ALL of these monetary shenanigans eventually depend on the productive economy. The worker was flogged unmercifully to squeeze out more wealth for the bankers. Labor's share of profits crashed way down. Productivity of labor went WAY up. Wages are about where they were on 1970. The debt bubble grows furiously at the same time that the productive loop is crashing.
The worldwide bubble of low-power money is searching for a safe haven. With the productive loop well crashed, it mostly moves into mal-investment.
"The structural economic problems of stalled incomes, peaked debt and welfare make operational expansion i.e. sustainable growth extremely difficult, which has led to investment concentration in secondary equity markets. And that means the higher valuations simply represent higher risks.

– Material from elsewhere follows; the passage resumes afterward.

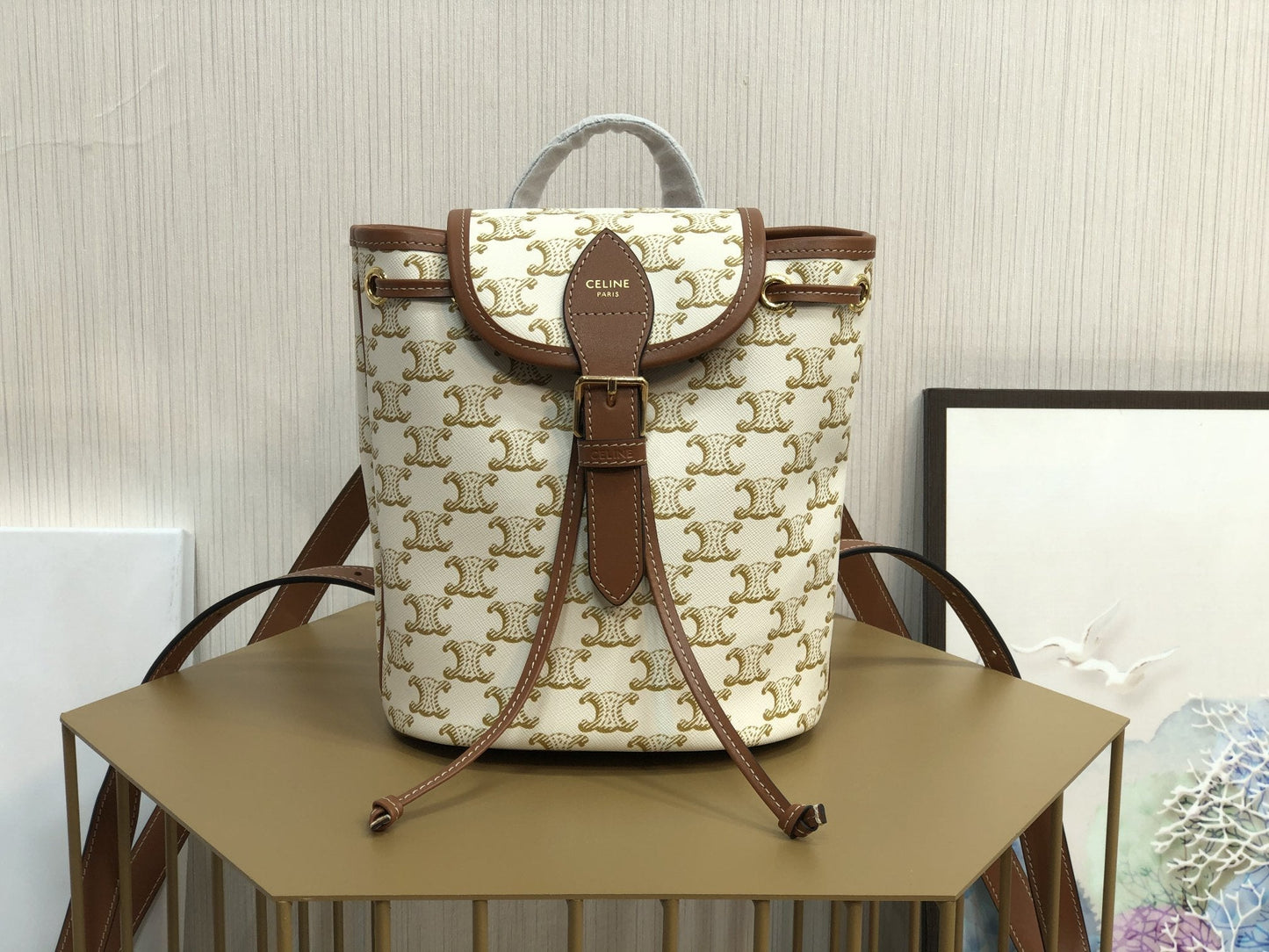 Top Quality Backpack Folco In Triomphe For Canvas White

The offshoot is that as such a large concentration of total asset value is dependent on the market, it becomes necessary to maintain the market at all costs. The market has become too systemically important to allow it to fail. And that means policymakers have changed the function of the market. The market left to its own devices is a consequence of the underlying economy. Today, however, the market is being used as a (false) portrayal of the underlying economy. It is intentionally using the logical fallacy of confusing cause and effect.
That is, the thermostat is no longer meant to reflect the temperature inside the house, its only use is to convince you the house is warm. That means policies are being targeted at manipulating the thermostat rather than keeping the furnace hot. The consequence is a spiralling of resource misallocation, furthering the structural breakdown of economic activity making it ever more important to keep the market looking strong. The market is no longer a market as we understand the term.
Now The Markets Themselves Are Too Big To Fail - DollarCollapse.com
The FED is backstopping all the defaults to save the banks. The East has created a new banking union and currency bloc. At what point do they no longer need the West? The dollar is way up and making it very difficult for emerging markets to repay dollar-loans. Emerging markets are defaulting. At what point do China and Brazil decide to cut their losses and dump Western debt?